In short, we have two rulings from the founders of the Hanafī madhhab, the basis of the prohibition mentioned in them being that it leads the common and ignorant people to believing that a particular form of an originally acceptable practice is sunnah. These two rulings are: performing sajdat al-shukr on a particular occasion; fixing a sūrah to a particular rak‘ah of Salāh. Moreover, we have the verdict of later Hanafī jurists in a couple of other rulings, based on the same principle. These are: shaking hands persistently after the fard prayers; and Salāt al-Raghā’ib in the fixed way and time it is performed.
All of this points to one conclusion:
In the Hanafī madhhab, repeatedly, persistently and continuously performing a religious practice, originally regarded in the Sharī‘ah as permissible or mustahabb, publically, in a specific manner that has not been transmitted from the Prophet (peace be upon him) or Sahābah, such that a false impression is created in the minds of the ignorant that this particular form (e.g. in terms of its date, procedure) is sunnah or wājib, renders that act prohibitively disliked (makrūh tahrīmī) and the act will be considered an insertion into religion or bid‘ah.
We can safely say, looking at the condition of Barelwis and other psuedo-traditionalists of today, the formal/popular (murawwaj) Mawlid of today, falls in this category, and is hence, makrūh tahrīmī in the Hanafī madhhab.
Update: Someone raised the objection: does not madaris fall under this prohibition, as within them, the mustahabb practice of teaching and learning are repeatedly done in a fixed and regulated way that was not transmitted from the Sahabah?

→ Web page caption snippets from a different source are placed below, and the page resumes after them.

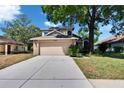 Charming two-story home with a two car garage, brick accents, mature landscaping and spacious driveway at 4225 Barret Ave, Plant City, FL 33566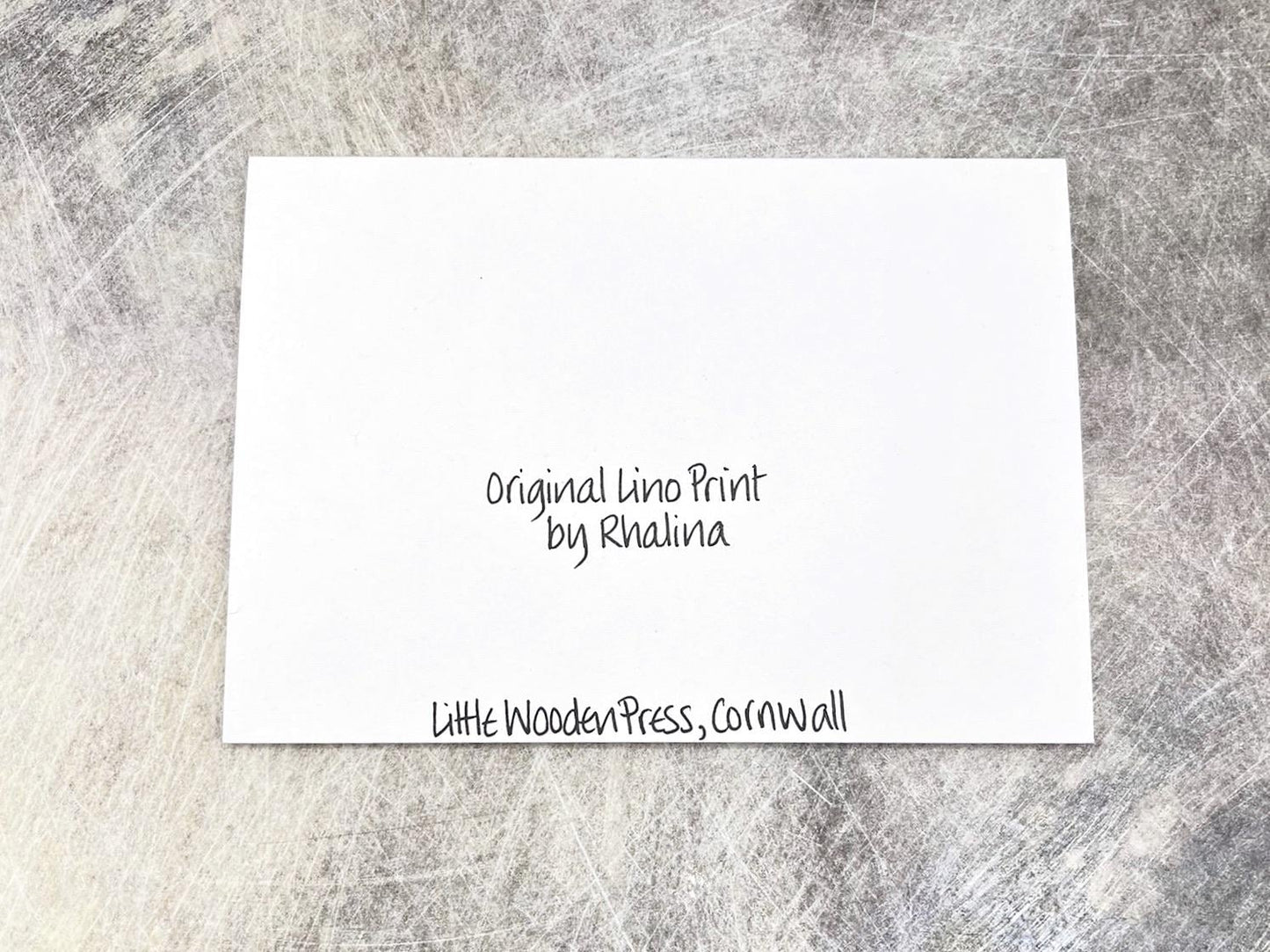 Back of the white card with black text laid on a textured grey background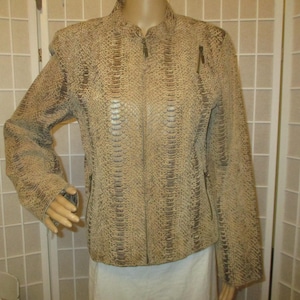 May include: A beige and brown jacket featuring a textured snakeskin pattern throughout. The garment includes a full-length front zip closure, a stand-up collar, long sleeves, and two zipped pockets located on the lower front section.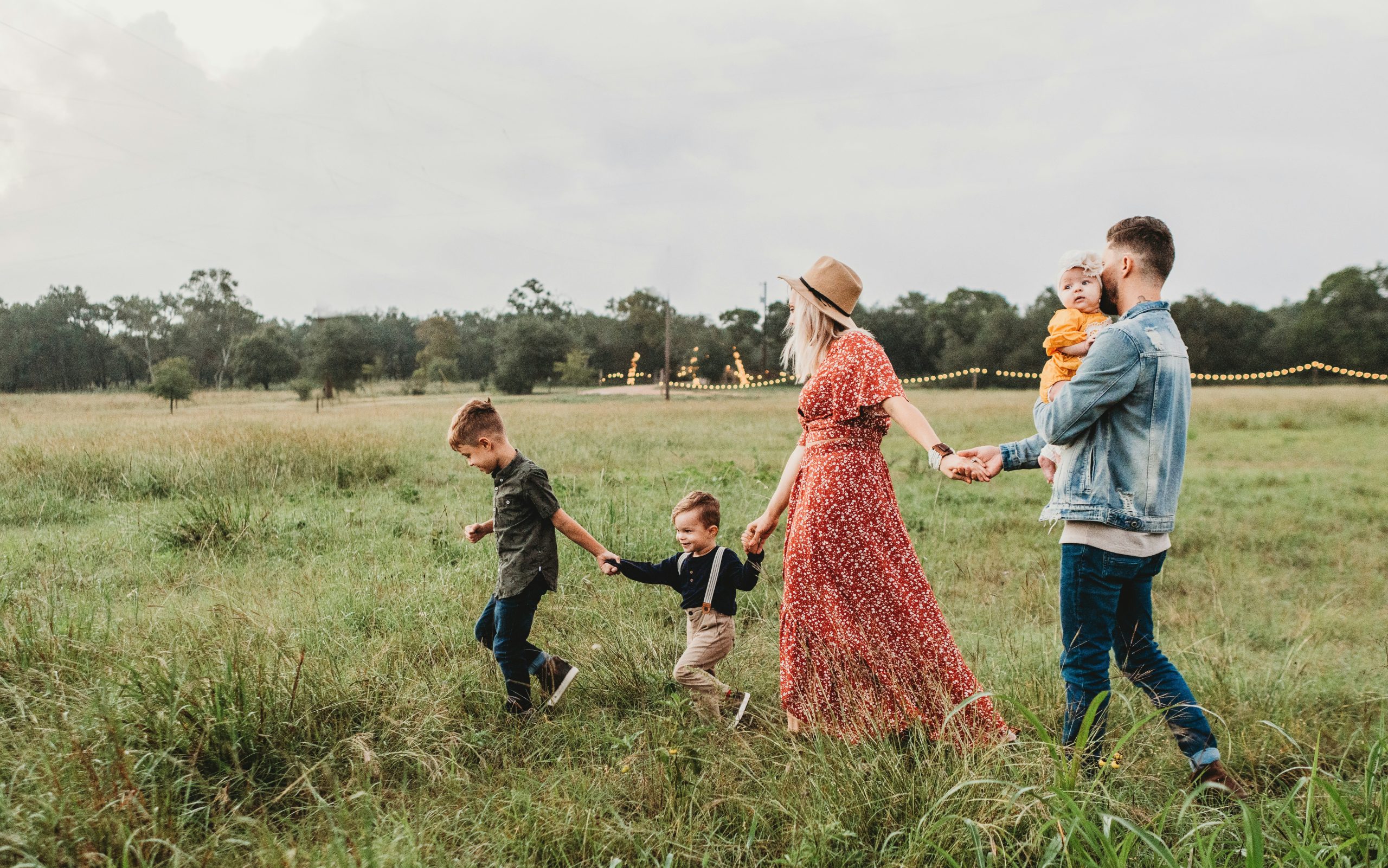 "Joining hands with a new partner, accompanied by children and loved ones, embarking on a new journey in life."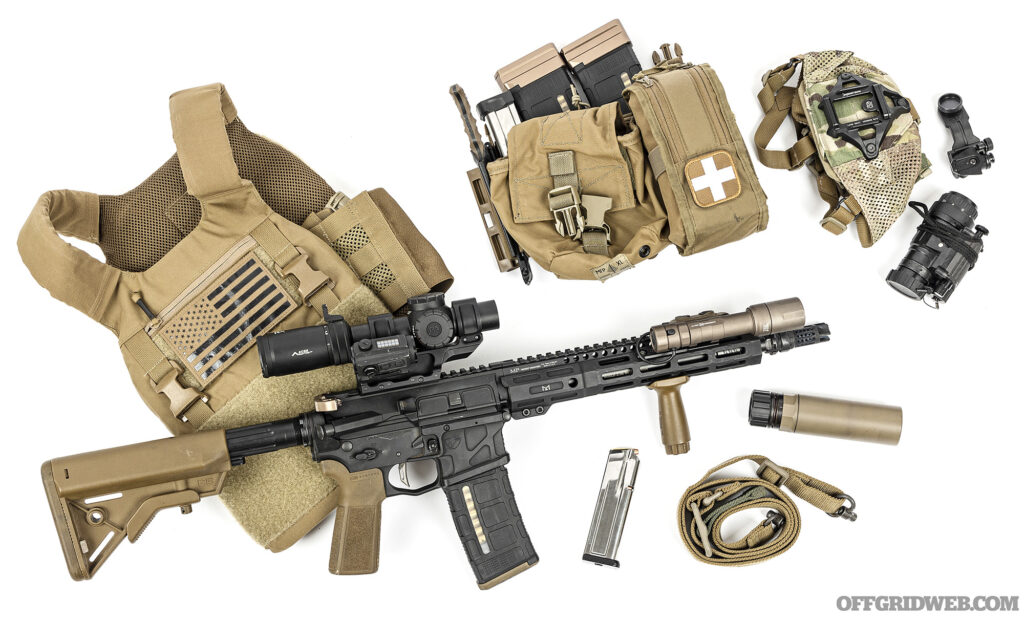 Studio photo of a plate carrier with a bunch of accessories, and a firearm.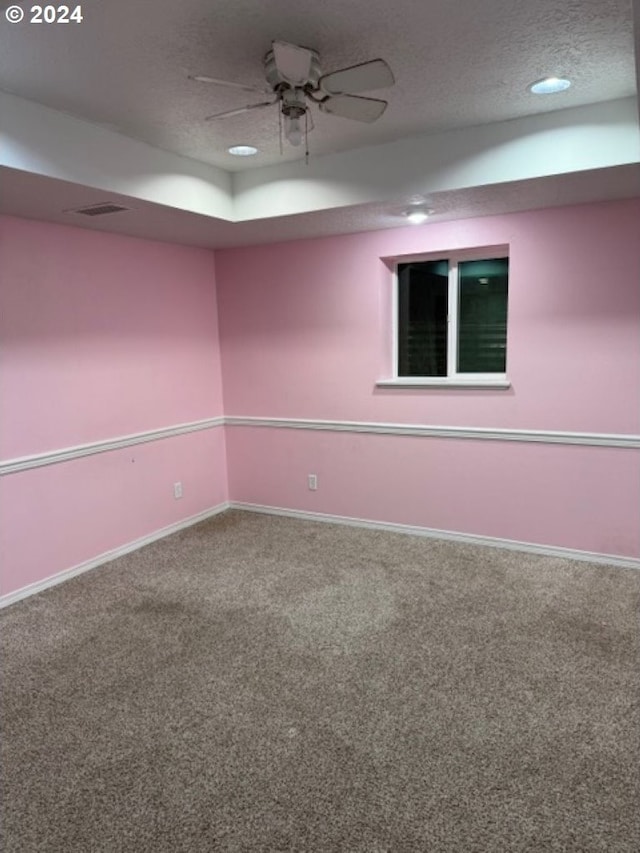 empty room featuring ceiling fan, carpet, and a textured ceiling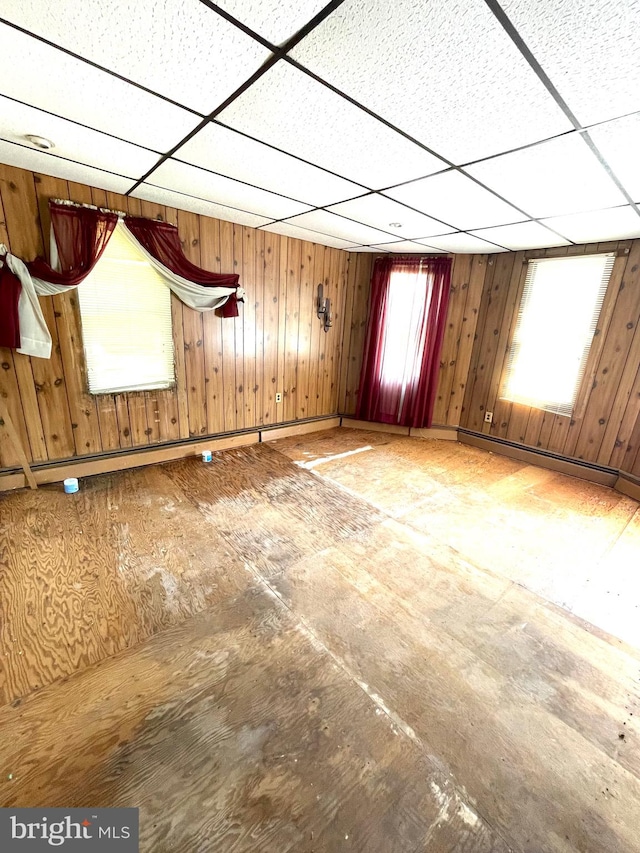 interior space with a paneled ceiling and wooden walls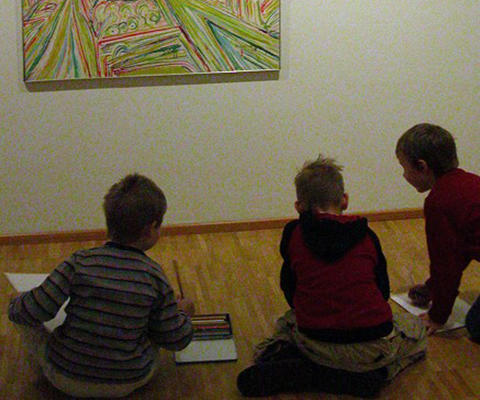 Kolme lasta istuu lattialla taideteoksen edessä näyttelyssä.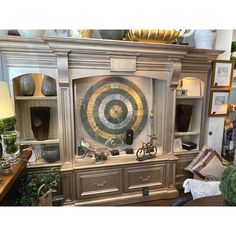 an antique display cabinet with decorative items on it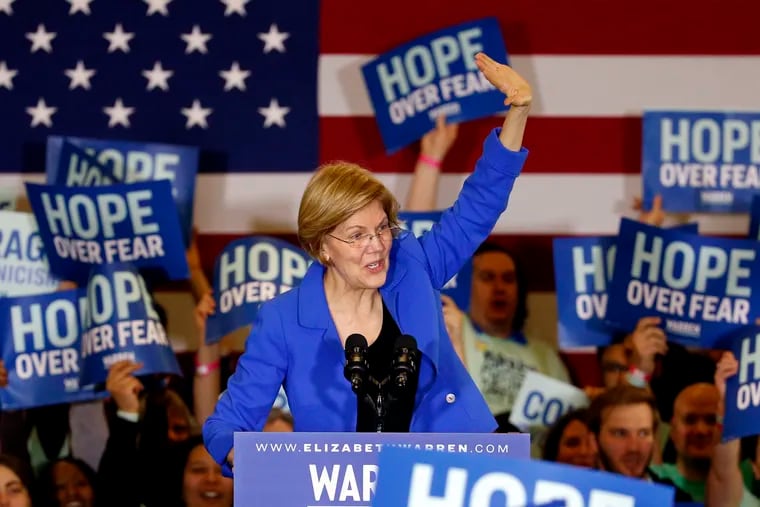 Democratic presidential candidate Elizabeth Warren speaks to supporters at a caucus night campaign rally in Des Moines, Iowa, on Feb. 3, 2020.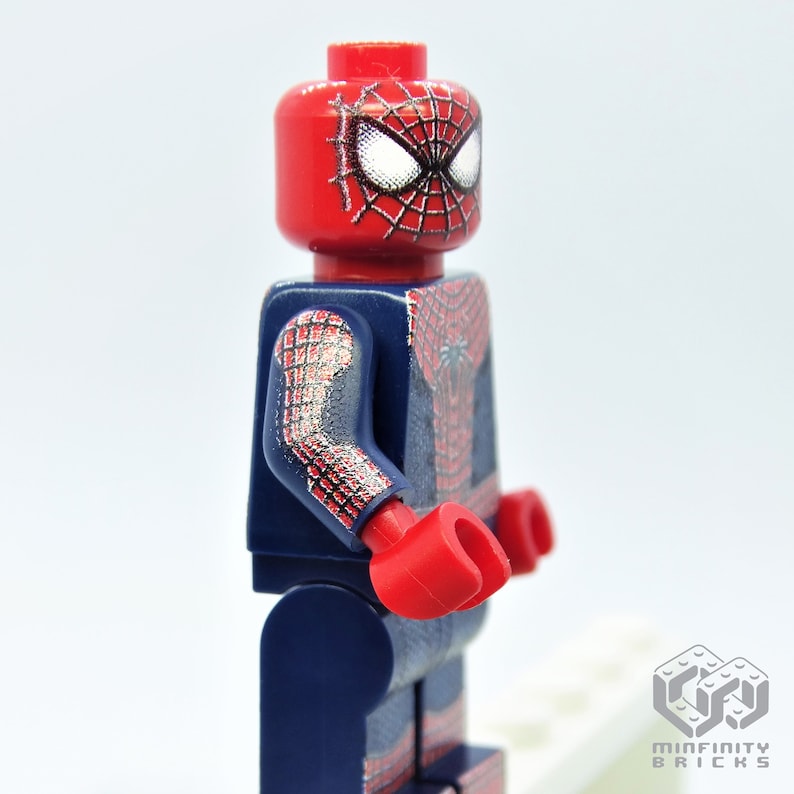 K&ouml;nnte beinhalten: Eine Lego Spider-Man-Minifigur. Die Figur hat einen roten Kopf mit wei&szlig;en Augen und einem schwarzen Netzdesign. Der Torso und die Arme sind dunkelblau mit einem roten und silbernen Netzmuster. Die H&auml;nde sind rot.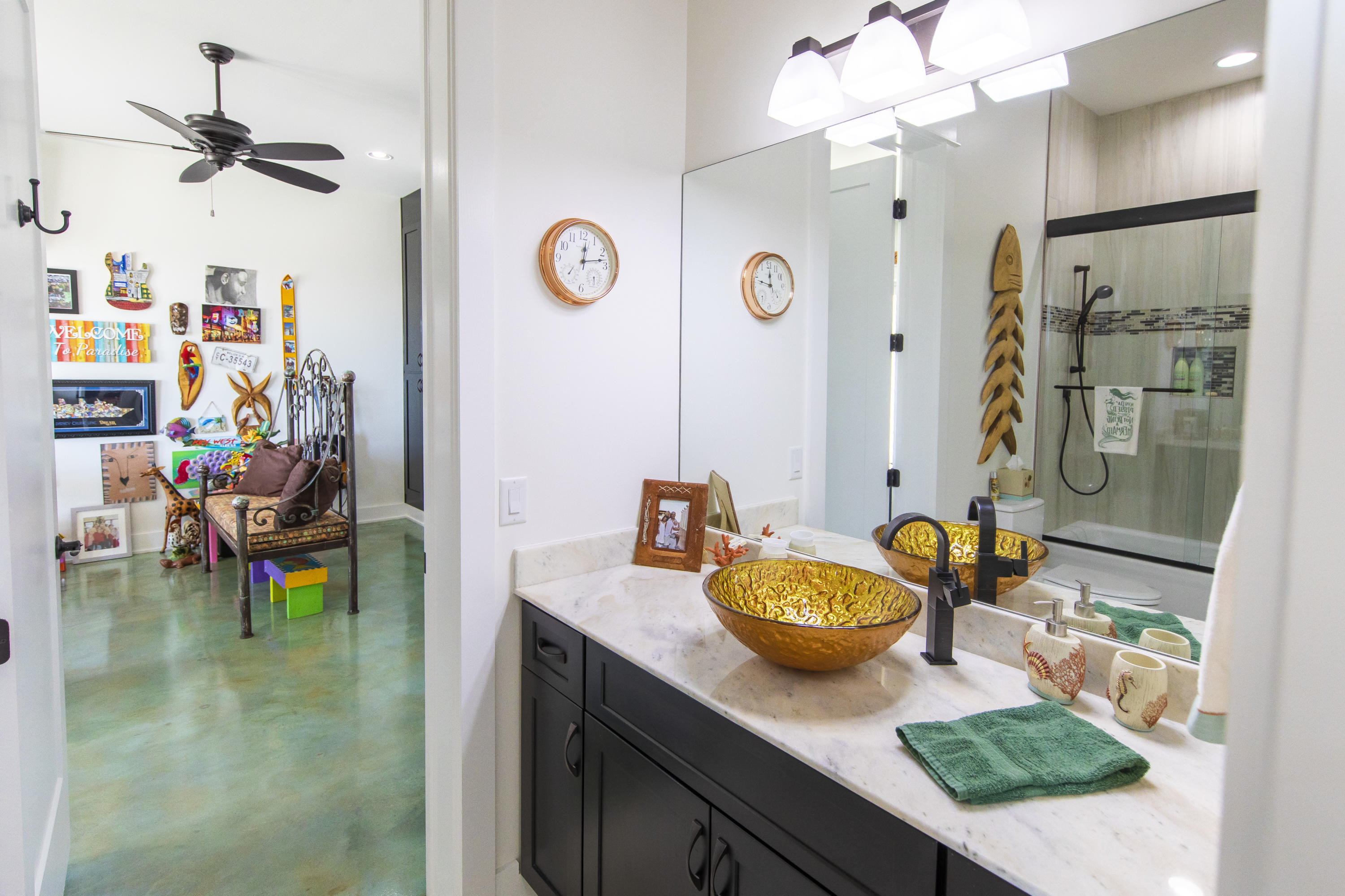 21222 Front Beach Road Panama City Beach, FL 32413 - Photo 15 of 60 a view of a kitchen area with stainless steel appliances granite countertop lots of clutter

For the perceptive person, the difference between the above examples, including Mawlid, and madaris is clear. The purpose of the regulated and fixed manner of teaching and learning in madaris is purely based on organisational and pragmatic reasons. Common people are not susceptible to the mistaken belief that the madaris themselves are objectives, or desirable elements, of religion. On the other hand, repeated handshakes after Salah, if done openly, commonly and continuously, does make the common people susceptible to the view that to shake hands at that time is a desired practice of religion. Similarly, the Mawlid of Rabi’ al-Awwal makes the common people susceptible to the belief that making this commemoration at that time of the year is superior. This is not only theory; many people really do believe that to celebrate the birth in the month of Rabi al Awwal is more rewarding and superior than doing so in any other time of the year. It is not regarded merely as something organisational. The same applies to the other examples, of fixing a surah to a particular rak’ah of Salah and doing Sajdat al-Shukr after every Fard prayer.